伊丽莎白港暴乱发生后,西苏鲁立即赶赴现场进行调查。在自己的报刊上,非洲人国民大会强烈地谴责了这起暴力事件,并要求进行司法调查。
在“蔑视运动”中出现的暴乱事件让政府找到了禁止游行、集会的借口。很快,政府大规模地动用警察,手段也更加强硬。紧接着,政府就发出公告,在暴力事件没有调查清楚之前,全面禁止集会,并更为严厉地实施《通行证法》。
政府有条不紊地进行了一系列措施,让很多人怀疑这是政府自己策划的一系列暴力事件。
面对突如其来的困境,非洲人国民大会组织的“蔑视运动”陷入僵局。
从10月18日到11月9日之间,“蔑视运动”几乎消失了。面对困境,非洲人国民大会主席莫罗拉写信给马兰政府总理,详细地叙述当日发生的情况,并且附有大量现场目击者的口供。
非洲人国民大会还未等到总理的回复,又一起骚乱事件发生了。
11月9日,非洲人国民大会支部千方百计得到了于星期日举行祈祷集会的许可证,但在集会时发生了骚乱,至少导致8人在骚乱中丧生,还有1名儿童。
至于事情的缘由,则众说纷纭。
现场警察的口供大致相同,当他们到达时,根本没有发现祈祷集会,只看到政治大会,警察要求集会者立即解散,而与会者拒绝执行命令,并对警察进行人身攻击,由此发生骚乱。

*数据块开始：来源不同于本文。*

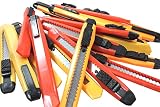 ユーティリティナイフボックスカッターRetractable BladeスナップオフRazorナイフと安全ロック5 "卸売ロット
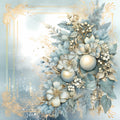 Light Blue and Gold Christmas Fabric Panel 40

而会议组织者则是另一种证词,当警察到达时,他们正在唱赞美诗。警察立即要求驱散人群,还没等集会者有时间离开,警察已开始用刺刀向人群刺去。
在曼德拉的回忆中,他这样说:
不管实际情况如何,有一点很清楚,即这批警察为这场冲突已作好了全面准备,他们全副武装分乘3辆军车赶到现场。这批警察的指挥官承认,他们是在“等待麻烦出现”。
这两件事件的真实起因虽难以作出精确的判断,但是有一点不容否认,那就是政府一直在期望暴力事件发生。一名事件参与者说得很明白:“我不必提醒你,在很多非洲人的城镇,是警察开始的骚动。如果非洲人不动手,警察则设法使他们动手。”另一位运动领导人卢图利说得更是一针见血:“有时警察的所谓反动乱甚至发生在动乱之前。”
在这前后,除了这两起发生在市中心的影响比较大的暴力事件外,还有其他零星冲突。如在丹佛尔,警察于11月3日杀死了3个非洲人,打伤4人;在金伯利,11月8日,一场冲突留下了13具尸体和78名受伤者。
面对这些暴力事件,非洲人国民大会强烈谴责并要求进行司法调查,司法部长却借口这种调查只能激起更大冲突并为煽动者提供借口,而予以拒绝。同时,镇压手段更加肆无忌惮,并实行宵禁。在开普省禁止集会并更加严格地实行《通行证法》。政府一方面按非洲人国民大会提出的要求,成立一个调查委员会,另一方面千方百计想把罪名加在“蔑视运动”身上。这些做法更引起非洲人的愤慨。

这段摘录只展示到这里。